# GOAL OF THE EXERCISE
Start with the first line of the data and end with the line that holds "TOTEM THREE LED PASSO 2.5"; write out each one exactly.

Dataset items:
◆ ◆ ◆ ◆
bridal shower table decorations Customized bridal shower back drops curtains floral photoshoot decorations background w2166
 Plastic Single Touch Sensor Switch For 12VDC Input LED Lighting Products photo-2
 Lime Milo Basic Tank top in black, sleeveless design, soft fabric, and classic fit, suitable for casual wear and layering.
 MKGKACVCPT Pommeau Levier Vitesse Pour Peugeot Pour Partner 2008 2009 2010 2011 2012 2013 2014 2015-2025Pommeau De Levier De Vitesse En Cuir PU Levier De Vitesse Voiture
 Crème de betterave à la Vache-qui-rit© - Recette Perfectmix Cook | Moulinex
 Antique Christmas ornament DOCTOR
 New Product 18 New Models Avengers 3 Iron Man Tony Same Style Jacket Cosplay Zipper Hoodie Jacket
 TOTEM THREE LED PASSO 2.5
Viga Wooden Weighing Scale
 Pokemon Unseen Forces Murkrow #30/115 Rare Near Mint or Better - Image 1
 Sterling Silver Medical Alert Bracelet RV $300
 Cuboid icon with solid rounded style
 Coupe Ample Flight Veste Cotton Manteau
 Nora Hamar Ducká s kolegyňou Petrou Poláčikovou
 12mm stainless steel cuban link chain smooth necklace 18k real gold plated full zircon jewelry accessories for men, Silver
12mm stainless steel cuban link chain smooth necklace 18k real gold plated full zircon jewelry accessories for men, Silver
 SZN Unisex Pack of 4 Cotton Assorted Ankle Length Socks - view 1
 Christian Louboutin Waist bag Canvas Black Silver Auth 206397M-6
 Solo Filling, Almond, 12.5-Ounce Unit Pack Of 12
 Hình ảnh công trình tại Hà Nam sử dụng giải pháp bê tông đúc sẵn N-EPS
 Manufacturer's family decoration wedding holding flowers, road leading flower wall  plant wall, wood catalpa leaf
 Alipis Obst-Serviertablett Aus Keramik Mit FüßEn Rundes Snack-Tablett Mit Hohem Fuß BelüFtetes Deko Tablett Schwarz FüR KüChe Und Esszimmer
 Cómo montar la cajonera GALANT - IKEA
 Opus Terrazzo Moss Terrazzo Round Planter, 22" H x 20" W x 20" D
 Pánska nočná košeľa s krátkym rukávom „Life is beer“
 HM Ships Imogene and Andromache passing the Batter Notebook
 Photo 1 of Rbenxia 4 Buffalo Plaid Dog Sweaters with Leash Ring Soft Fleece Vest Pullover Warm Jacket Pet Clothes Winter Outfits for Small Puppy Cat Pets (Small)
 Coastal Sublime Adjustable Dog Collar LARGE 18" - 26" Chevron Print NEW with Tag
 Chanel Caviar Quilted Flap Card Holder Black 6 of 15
◆ ◆ ◆ ◆
# TASK ANSWER
bridal shower table decorations Customized bridal shower back drops curtains floral photoshoot decorations background w2166
 Plastic Single Touch Sensor Switch For 12VDC Input LED Lighting Products photo-2
 Lime Milo Basic Tank top in black, sleeveless design, soft fabric, and classic fit, suitable for casual wear and layering.
 MKGKACVCPT Pommeau Levier Vitesse Pour Peugeot Pour Partner 2008 2009 2010 2011 2012 2013 2014 2015-2025Pommeau De Levier De Vitesse En Cuir PU Levier De Vitesse Voiture
 Crème de betterave à la Vache-qui-rit© - Recette Perfectmix Cook | Moulinex
 Antique Christmas ornament DOCTOR
 New Product 18 New Models Avengers 3 Iron Man Tony Same Style Jacket Cosplay Zipper Hoodie Jacket
 TOTEM THREE LED PASSO 2.5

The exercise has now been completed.